Despite a tide of domestic and foreign criticism of South Africa's latest refusal to reform apartheid, the Reagan administration yesterday defended its policy of quiet diplomacy as the best route to achieve change.
Speaking a day after President Pieter W. Botha defiantly rejected the idea of equal voting rights for South Africa's black majority, Chester A. Crocker, assistant secretary of state for African affairs, insisted the controversial policy of "constructive engagement" -- not punitive U.S. actions -- would be more successful in forcing reform.
"As builders, we must stay engaged," Crocker said to the Commonwealth Club in San Francisco. "Being involved through our presence and our programs means having tools of influence. It does not mean being seduced by a status quo that is overwhelmingly repellent to Americans."
His comments were described by administration officials as an elaboration on the reaction of White House national security affairs adviser Robert C. McFarlane Thursday, a reaction that was carefully neutral. Crocker's remarks followed what the officials called "a night of study and reflection" on the Botha speech and the general reaction to it, administration officials said.
Like McFarlane, Crocker did not criticize Botha, instead stressing that the administration is interested less in what Botha said than in what he does to follow up on his promises of negotiation with leaders of the black African communities.

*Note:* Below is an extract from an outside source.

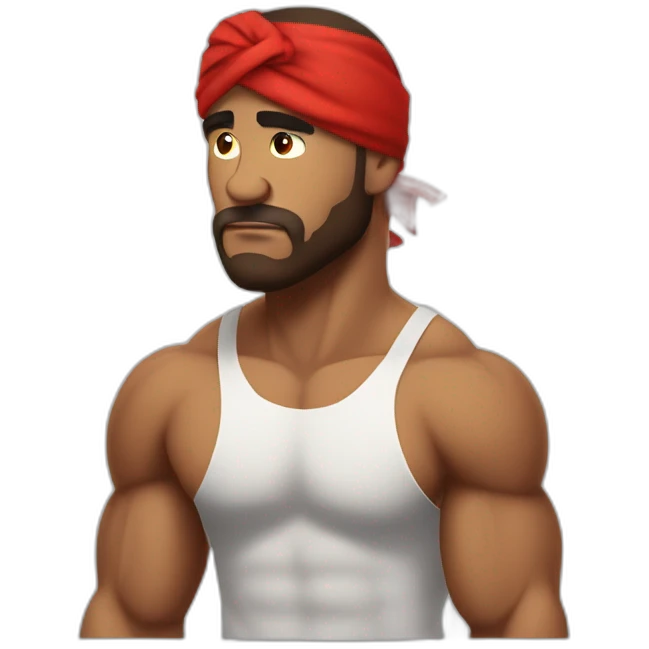 muscular man in red bandana standing sideways turns his head to face the viewer,his hand is bent in the elbow,torso emoji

Crocker characterized Botha's speech as one "written in the code language of a foreign culture within a polarized society," making it difficult to quickly or easily interpret. That statement echoed administration arguments that South African domestic political pressures forced Botha to avoid giving the impression that he was knuckling under to foreign pressures. In that view, judgment should be reserved until Botha has had a chance to demonstrate his intentions through specific actions.
However, some officials also acknowledged that the administration, based on a meeting between McFarlane, Crocker and South African Foreign Minister Roelof F. (Pik) Botha in Vienna last week, had expected the South African president to spell out his ideas in more detail.
Crocker hinted at the administration's disappointment when he said yesterday that the United States had been "informed in general terms" that Botha's speech would "recognize that the process of negotiation had to be launched." But, Crocker added, while Botha did talk of negotiation, his language "does not constitute change and must be followed up."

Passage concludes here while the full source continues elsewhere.